Third District Court of Appeal State of Florida
Aug 12, 2020
302 So. 3d 990 (Fla. Dist. Ct. App. 2020)

Opinion

No. 3D19-2215

08-12-2020

Dan VAN TRAN, Appellant, v. DEUTSCHE BANK NATIONAL TRUST COMPANY, etc., et al., Appellees.

Arthur J. Morburger, for appellant. Feinstein & Mendez, P.A., and Brett Feinstein ; Blank Rome LLP, and Michael R. Esposito, and Nicole R. Topper (Tampa), for appellees.


Arthur J. Morburger, for appellant.

Feinstein & Mendez, P.A., and Brett Feinstein ; Blank Rome LLP, and Michael R. Esposito, and Nicole R. Topper (Tampa), for appellees.

Before SCALES, LINDSEY, and MILLER, JJ.

MILLER, J.

Appellant, Dan Van Tran, challenges the denial of a motion for relief from a final judgment of foreclosure rendered in favor of appellee, Deutsche Bank National Trust Company. See Fla. R. Civ. Pro. 1.540(b). We have jurisdiction. See Fla. R. App. P. 9.130(a)(5). On appeal, Van Tran raises numerous claims of error, only one of which merits discussion. Van Tran contends Deutsche Bank was never formally substituted into the lawsuit as a party, hence the underlying judgment is void. Discerning no error, we affirm.

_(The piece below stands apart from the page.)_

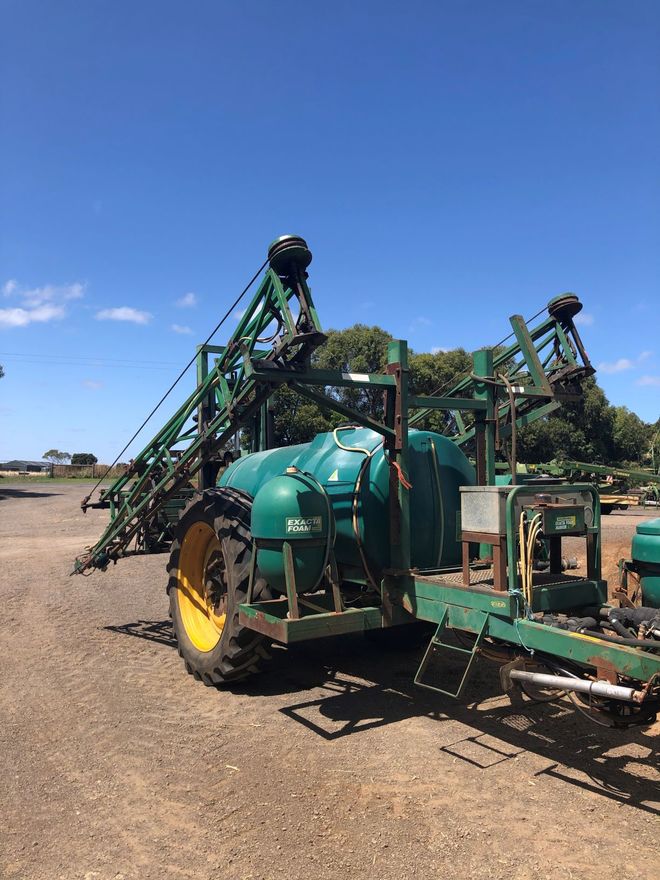 2500L Goldacres Praire Boomspray  20M boom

Hector Borges did not join in the motion below. As the underlying judgment became final in late 2012, we dismiss his appeal. See generally Credit Indus. Co. v. Remark Chem. Co., 67 So. 2d 540, 541 (Fla. 1953) ("The general rule on appeal to review proceedings of an inferior court is that a party to the cause may appeal only from a decision in some respect adverse to him.") (citations omitted). See Fla. R. App. P. 9.110(b) ("Jurisdiction of the court under this rule shall be invoked by filing a notice, accompanied by any filing fees prescribed by law, with the clerk of the lower tribunal within [thirty] days of rendition of the order to be reviewed."); see also First Nat'l Bank of Fla. v. Brandon State Bank, 377 So. 2d 990, 992 n.4 (Fla. 2d DCA 1979) ("[A] judgment becomes final [thirty] days after entry if an appeal has not been filed and a new trial has not been granted.").

PROCEDURAL HISTORY

After acquiring ownership and possession of a promissory note and mortgage executed by Hector Borges to a predecessor lender, OneWest Bank, FSB, initiated suit against Borges, Van Tran and others, seeking to foreclose upon property located in Hialeah, Florida. Although Borges answered the complaint and asserted a myriad of affirmative defenses, Van Tran failed to file a responsive pleading. Consequently, the clerk entered a default against Van Tran.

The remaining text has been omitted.